## Work task
Range to copy from the entries below: the line containing "定制鱼缸玻璃盖板 乌龟缸保温盖 防跳网盖 透光盖 龙鱼盖板防跳缸" through the line containing "Как лисичка у зайчика морковку воровала", inclusive. Retype only those lines, exactly, without any images.

## Dataset records
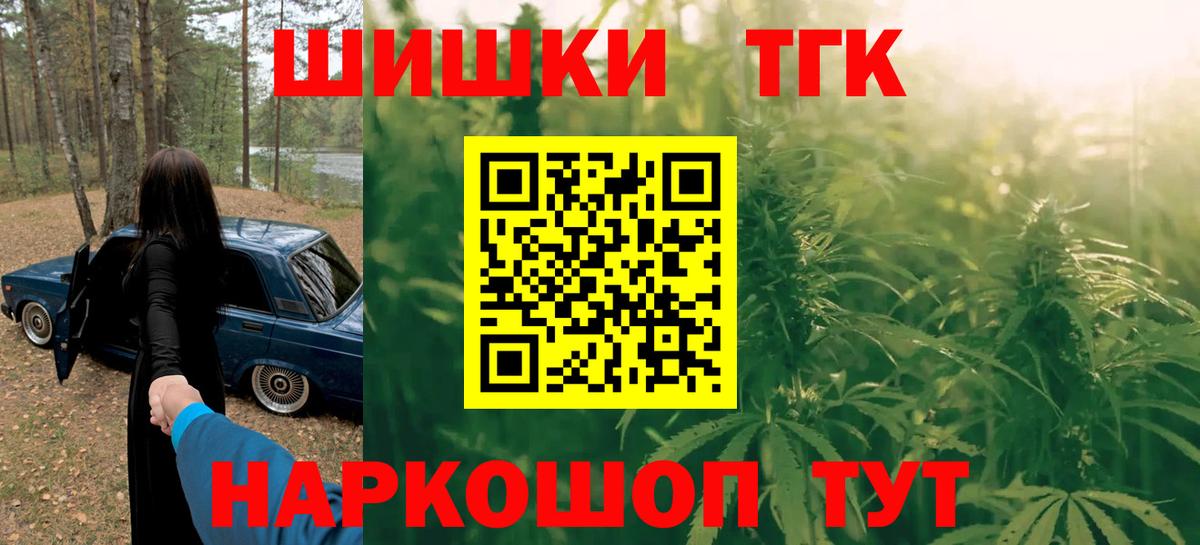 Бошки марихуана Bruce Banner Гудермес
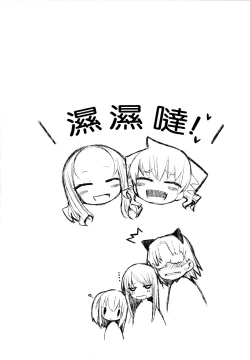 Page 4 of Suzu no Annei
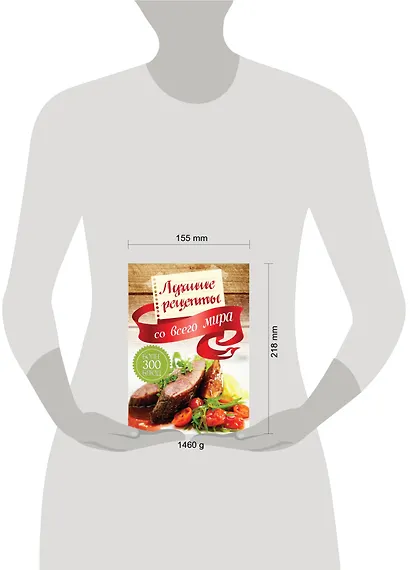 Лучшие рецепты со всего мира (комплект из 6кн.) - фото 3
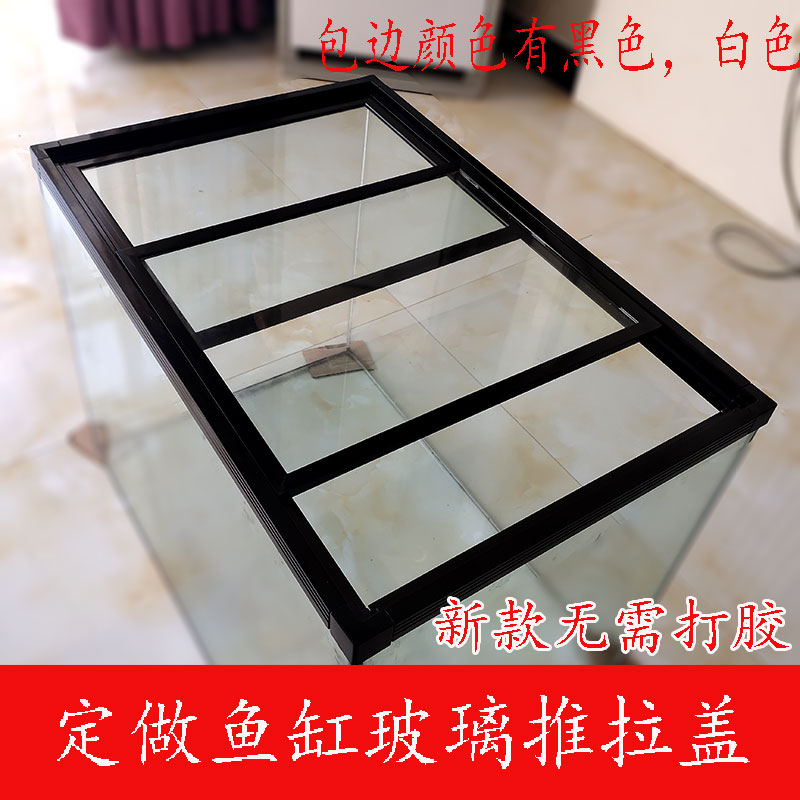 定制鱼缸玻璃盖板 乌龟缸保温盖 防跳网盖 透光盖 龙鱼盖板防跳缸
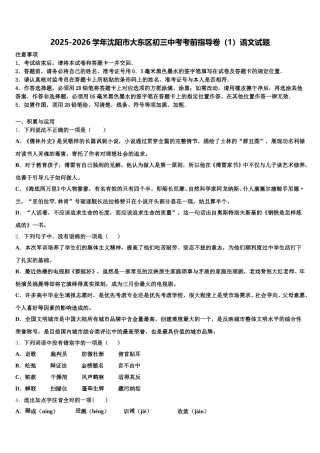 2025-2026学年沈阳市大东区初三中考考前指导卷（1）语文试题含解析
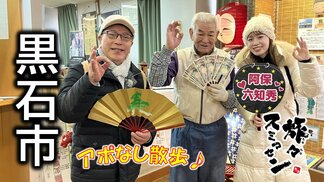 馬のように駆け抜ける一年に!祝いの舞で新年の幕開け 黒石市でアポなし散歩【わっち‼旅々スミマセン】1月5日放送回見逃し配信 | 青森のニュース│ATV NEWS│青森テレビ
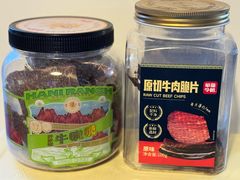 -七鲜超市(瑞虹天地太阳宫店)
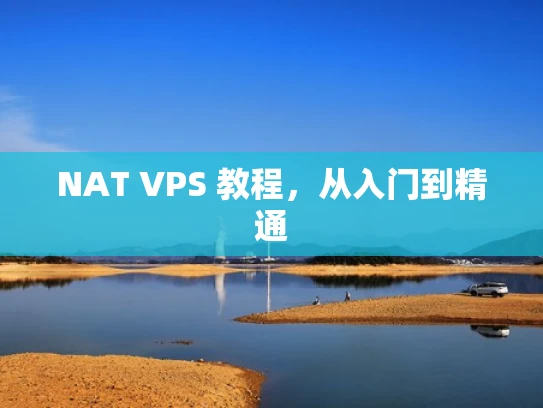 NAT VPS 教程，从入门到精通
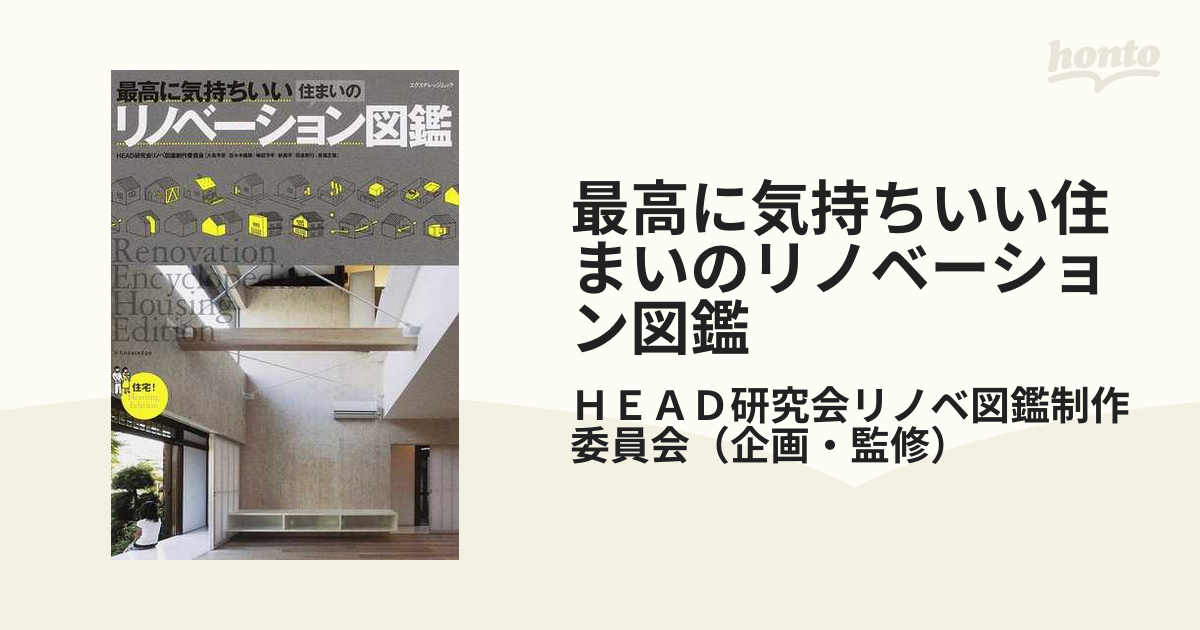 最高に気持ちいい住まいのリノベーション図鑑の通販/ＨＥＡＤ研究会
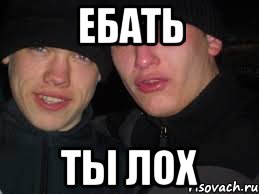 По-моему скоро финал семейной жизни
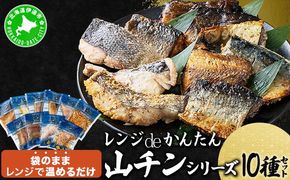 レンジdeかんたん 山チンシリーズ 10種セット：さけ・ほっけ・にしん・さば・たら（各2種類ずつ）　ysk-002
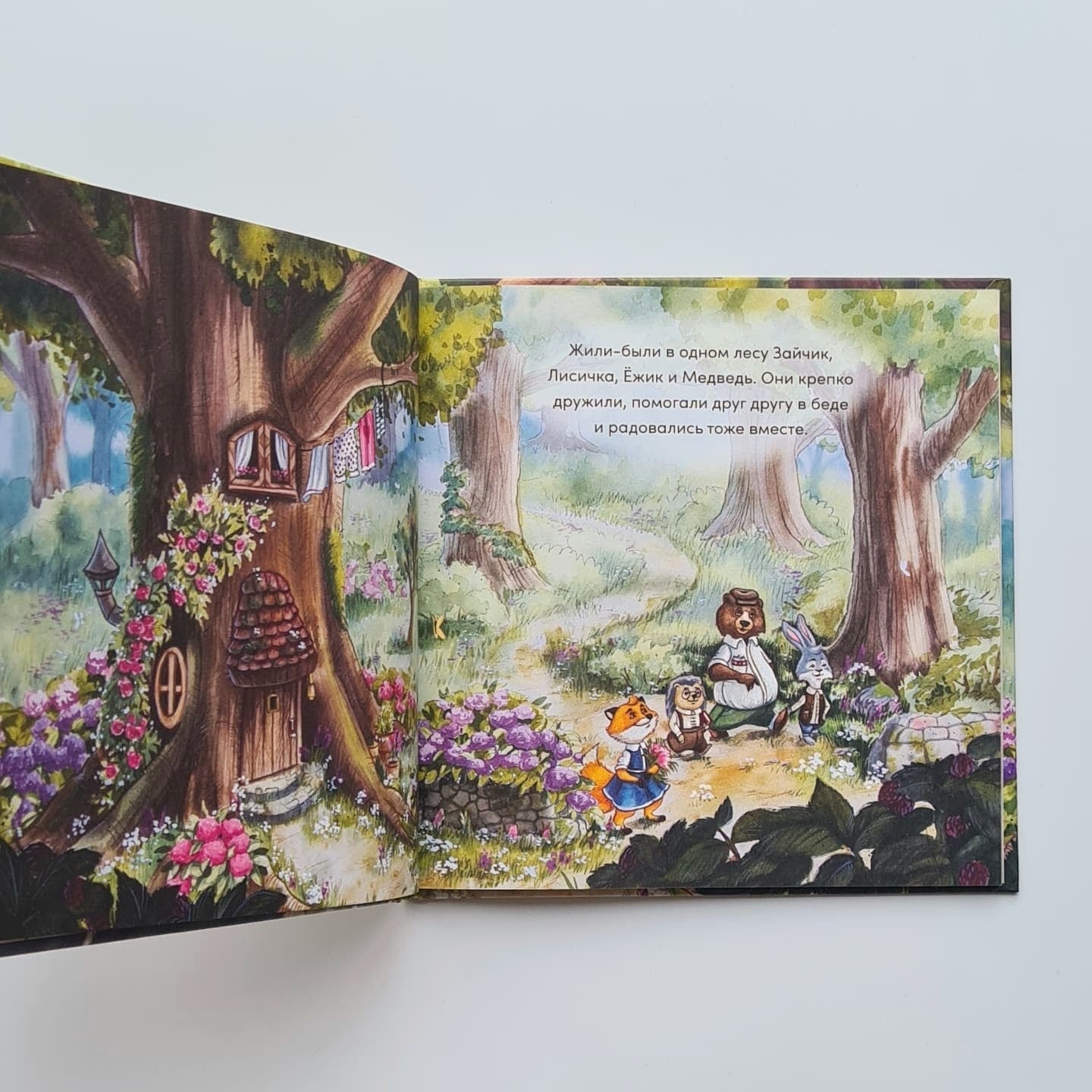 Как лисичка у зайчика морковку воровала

* * *

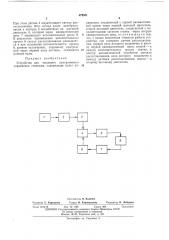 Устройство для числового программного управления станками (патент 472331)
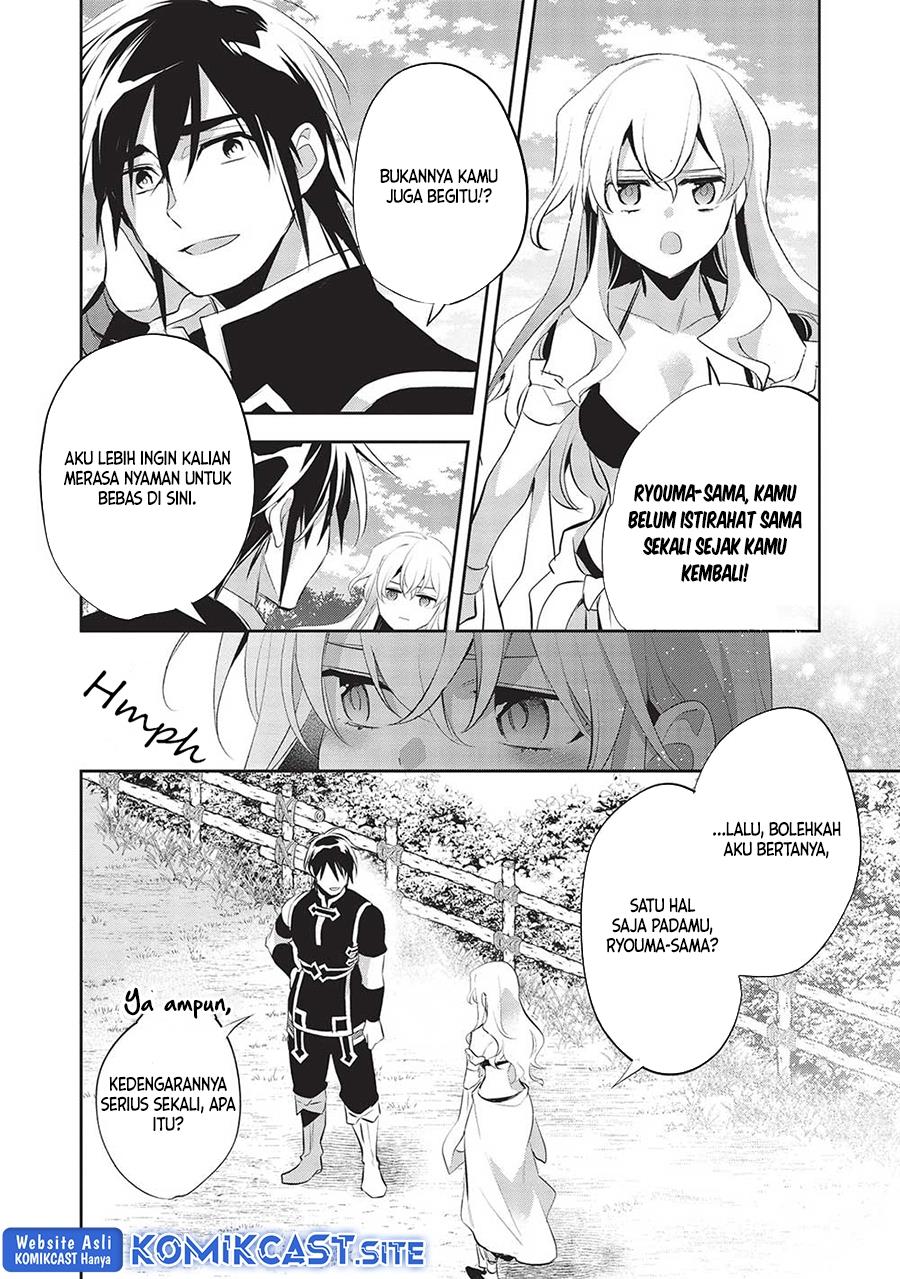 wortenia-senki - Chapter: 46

--

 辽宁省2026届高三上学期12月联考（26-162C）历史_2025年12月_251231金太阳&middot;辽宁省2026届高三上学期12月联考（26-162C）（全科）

## Result for this task
 定制鱼缸玻璃盖板 乌龟缸保温盖 防跳网盖 透光盖 龙鱼盖板防跳缸
 2025-2026学年沈阳市大东区初三中考考前指导卷（1）语文试题含解析
 馬のように駆け抜ける一年に!祝いの舞で新年の幕開け 黒石市でアポなし散歩【わっち‼旅々スミマセン】1月5日放送回見逃し配信 | 青森のニュース│ATV NEWS│青森テレビ
 -七鲜超市(瑞虹天地太阳宫店)
 NAT VPS 教程，从入门到精通
 最高に気持ちいい住まいのリノベーション図鑑の通販/ＨＥＡＤ研究会
 По-моему скоро финал семейной жизни
 レンジdeかんたん 山チンシリーズ 10種セット：さけ・ほっけ・にしん・さば・たら（各2種類ずつ）　ysk-002
 Как лисичка у зайчика морковку воровала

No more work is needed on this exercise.